## 1. Background

In 2020, over 3.26 million Medicare beneficiaries depend on one or more forms of insulin to manage their medical conditions. The aggregated out-of-pocket cost for insulin alone was \\$1.03 billion. A Medicare beneficiary spends \\$572 out of pocket to cover the cost of insulin annually . Insulin is a life-saving medication and a critical component to medical management for many people. Cost burden increases the gap in insulin access which poses a significant risk on medical complications from unmanaged diabetes, such as amputation or heart attack . Center for Medicare and Medicaid Services (CMS) recognized the severe consequences from insulin inaccessibility. CMS implemented the Part D Senior Savings Model (SSM) on January 1, 2021. SSM offers supplementary insulin coverage which caps the out-of-pocket expense for insulin at \$35 per one-month supply during the deductible, initial coverage, and coverage gap phase. SSM aims to close the insulin access gap and improve medication adherence.

## 2. Objective

The objective of this project is to utilize multiple machine learning algorithms to predict the change in average 30-day insulin consumption among Medicare beneficiaries in response to the SSM.

## 3. Data

The final dataset I use for analysis consists of 10 years of microdata, from 2010-2019, about insulin consumption and expenditure, and comorbid conditions. There are 9,004 observations in this dataset, each observation is a sampled individual. It is important to note that this is a cross-sectional dataset where each observation in different survey year is not the same individual. The samples included in this analysis are limited to those who filled at least one insulin prescription during a given survey year.
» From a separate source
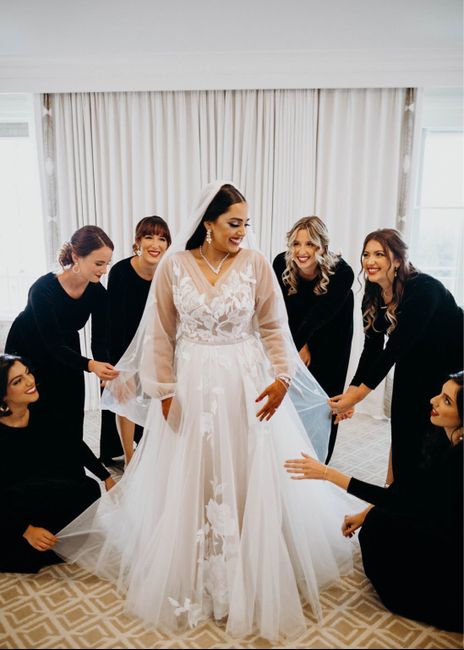 Western bride who wants to wear a white wedding dress to Hindu ceremony - 3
The final dataset is comprised of three separate datasets: demand and expenditure, prescription details, and comorbid conditions. All of the dataset are from the Medical Expenditure Panel Survey (MEPS). The following section display examples of each dataset from the year 2010. The datasets are the same format across all the included survey years. However, due to the size of the datasets and the limited computational capability, I only include examples from 2010 to better understand the structure of the data.
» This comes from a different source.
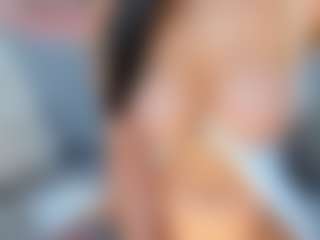 Live cam show with brennawalker - Small Ass on live.xbliss.ai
### 3.1 Demand and Expenditure

This dataset contains data about insulin demand, out of pocket expenditure, and insurance coverages. This is a hierrachical data where each row of observation is of different unit type, data from one individual span across many rows. Consider the example below, all the row displayed contain data about a sampled individual in survey year 2010, let us called him A:

* Row 0 has a *RECTYPE* P meaning that it contains overall demographic and socioeconomic information of A, including his survey ID, age, age at first diagnosed with diabetes, household income, race, insurance coverage (beneficiaries of Medicare, Medicaid, private insurance, etc.), and other per individual information.
* Row 1 has a *RECTYPE* M meaning that it contains specific information about A's household. The main purpose of this type of data is for survey tracking, not applicable to this analysis.
* Row 2-4 has a *RECTYPE* F meaning that each row contains information per one prescription filled, including what type of medicine was filled, how much was paid by A, how much was paid by each of his insurance, how many day does that prescription fill supplied, etc.
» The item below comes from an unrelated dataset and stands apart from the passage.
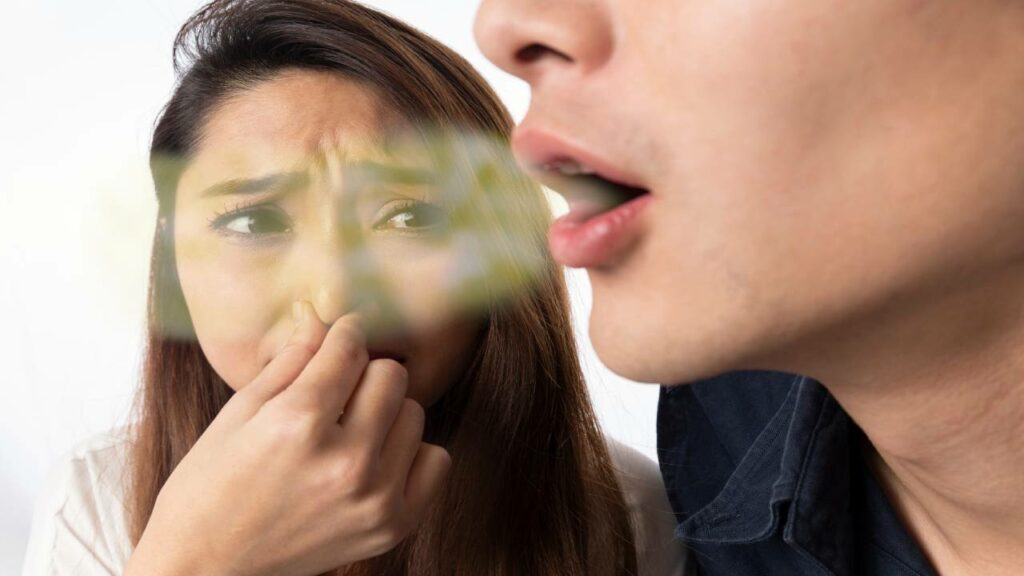 كيفية الوقاية من رائحة الفم الكريهة وأمراض الأسنان 5 رائحة الفم الكريهة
The main purpose of this analysis is to predict demand per individual per 30-day. As such, I aggregated all type F data for any individual to create an aggregate insulin demand data per individual per survey year.

In [None]:
import numpy as np
import pandas as pd

# Example
diabetes10 = pd.read_excel('/Users/parimagphanthong/Library/CloudStorage/OneDrive-WashingtonStateUniversity(email.wsu.edu)/EconS 701 Capstone/diabetes2010.xlsx')

pd.set_option('display.max_columns', None) # set to display all columns

diabetes10.head()

### 3.2 Prescription details

This dataset contains the breakdown of each insulin prescription filled including strength and quantity. Each row is a prescription filled so insulin prescription data for an individual in a survey year spans across many rows. I, again, aggregated prescription quantity for any individual to create an aggregate insulin quantity supplied data per individual per survey year.

In [None]:
# Example
insulin10 = pd.read_excel('/kaggle/input/insulin/insulin2010.xlsx')


insulin10.head()

### 3.3 Cormobid conditions

This dataset contains the cormorbid conditions and other health related conditions. Each row is an individual.